**What you will do**
Each line from the one with "MRP Papua Tengah" through the last line below must be written out exactly. Do not copy pictures.

**Stored data**
Content starts

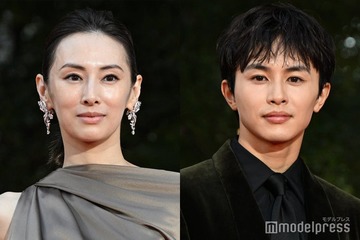 北川景子、草川拓弥との「東京国際映画祭」2ショット公開 超特急Mステ初出演も祝福で「愛が詰まってる」「感動」の声 画像
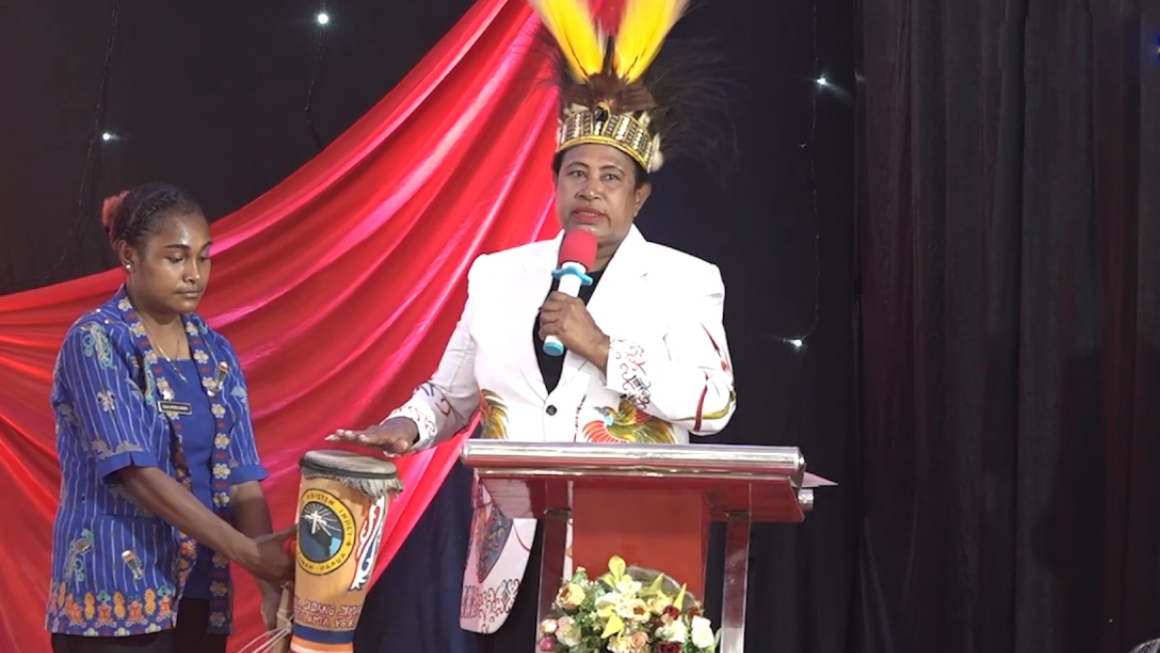 MRP Papua Tengah Tegaskan Komitmen Tanamkan Nilai Pancasila dan Kebangsaan kepada Masyarakat Nabire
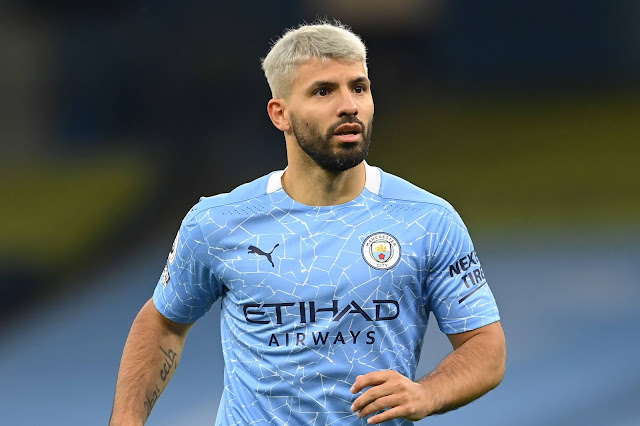 Manchester city legend Sergio Aguero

Content ends

**Response area**
 MRP Papua Tengah Tegaskan Komitmen Tanamkan Nilai Pancasila dan Kebangsaan kepada Masyarakat Nabire
 Manchester city legend Sergio Aguero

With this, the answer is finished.